The man who once spent much of his time being unheard from at undisclosed locations has become as talkative as his visible loquacious successor, Joe Biden, but still in the service of the George W. Bush administration now targeted by Obama Attorney General Eric Holder.
As Bush remains relatively silent on the matter of the waterboarding and other methods of persuasion imposed on suspected terrorists, Cheney has not only continued to defend them; he has now gone on the offensive against his legal tormenters.
Speaking from the friendly confines of the "Fox News Sunday" show, the principal advocate of the notion that a wartime president can do whatever he pleases continued to insist Bush's Justice Department had it right in saying there was nothing "improper or illegal" about waterboarding.
What's more, Cheney labeled Holder's decision to look further into a 2004 report by the CIA inspector-general critical of the practices "an intensely partisan, politicized look back at the previous administration to placate the left wing of the Democratic Party."

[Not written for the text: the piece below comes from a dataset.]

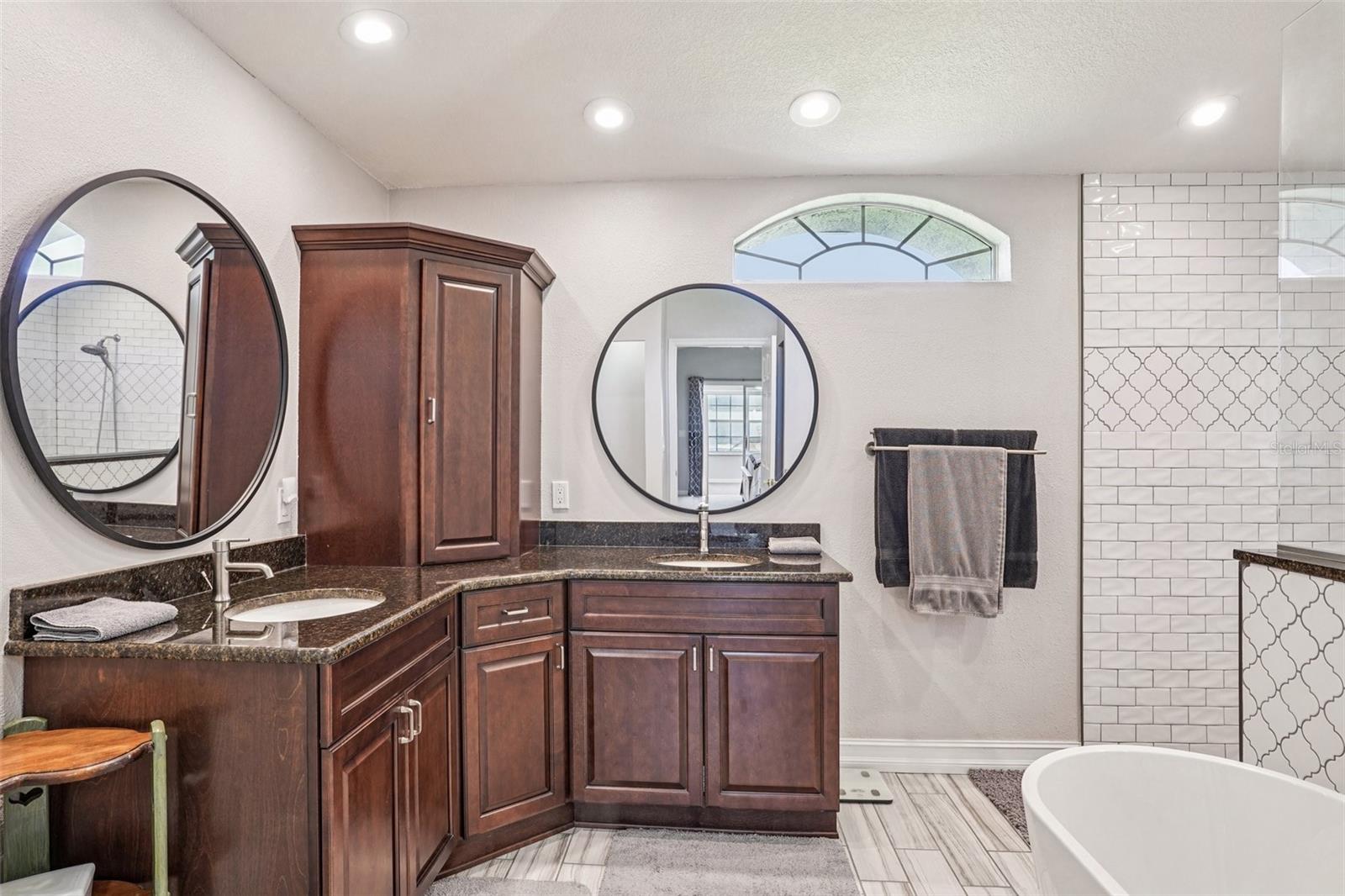 FAIRWAYS AT ROLLING HILLS 1STADDITION - Residential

This assessment comes from the man who was an architect of the policy of "extreme interrogation techniques" buttressed by the discredited legal opinions of the Bush Justice Department, and condemned as torture by none other than Sen. John McCain, the 2008 Republican presidential nominee.
Cheney called Holder's decision "clearly a political move" in spite of the fact that President Obama earlier had specifically said he wanted his new administration to look forward, not backward at the alleged abuses of detainees by the Bush administration.

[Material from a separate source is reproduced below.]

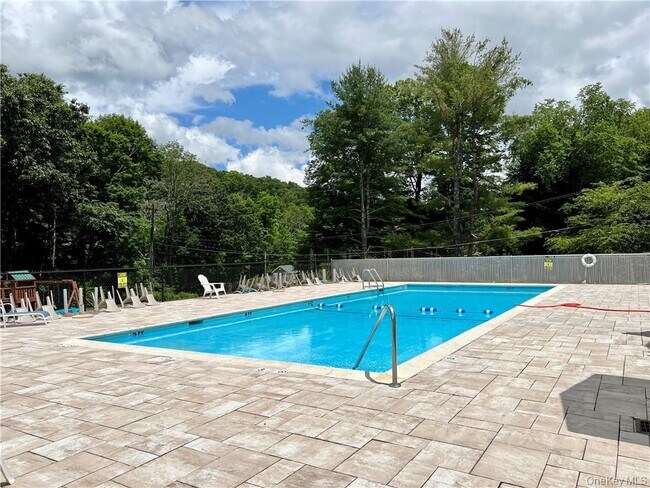 Building Photo - 1604 Holly Stream Ct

Are Obama and Holder playing good-cop, bad-cop in this matter, with Holder seemingly ignoring his boss's wishes not to spend time looking under old Bush rocks? It's possible, but good-cop Obama did say also that if there was evidence of wrongdoing, it was his Justice Department's obligation to investigate it. Cheney's lament smacks of concern that more Bush rocks may be turned over on other questionable practices of an administration also accused of playing politics in the removal of uncooperative federal prosecutors.
Cheney continues to play the 9/11 card face down as he did during the last presidential campaign, when he credited the questionable interrogation techniques for keeping Americans safe from another such attack. He had no proof then and he hasn't been able to offer proof now that they were "directly responsible for the fact for eight years we had no further mass casualty attacks against the United States."
Be that as it may, Cheney is certainly correct to say that liberals in the Democratic Party continue to press for a full airing of these and the more important Bush decisions that launched the invasion of Iraq and botched the aftermath. They have led to a colossal foreign policy morass for this country in general and for Obama in particular.
Democratic Sen. Dianne Feinstein of California, chair of the Senate Select Committee on Intelligence that is already investigating the alleged illegalities of the Bush years, has indicated that while she thinks the CIA inspector general's report warrants Holder's decision, she would have preferred he wait until her own committee inquiry, nearing completion, was finished.
Despite Obama's preference to let these particular sleeping dogs lie, the liberals see that awakening them can only be to the political benefit of Obama, in reminding voters of the origins of his current, inherited challenges. Demands for such investigations also keep up pressure for a "truth commission" into the Bush years similar to the bipartisan Iraq Study Group inquiry.
The irony can't be missed in the spectacle of Cheney, the shadowy figure who operated in such secrecy while asserting unprecedented power from the once-insignificant office of the vice presidency, now in full view and open attack on those who would shine a brighter light into his old dark corners.
Former vice president Dick Cheney has gone on the offensive, defending the secretive policies of the Bush administration.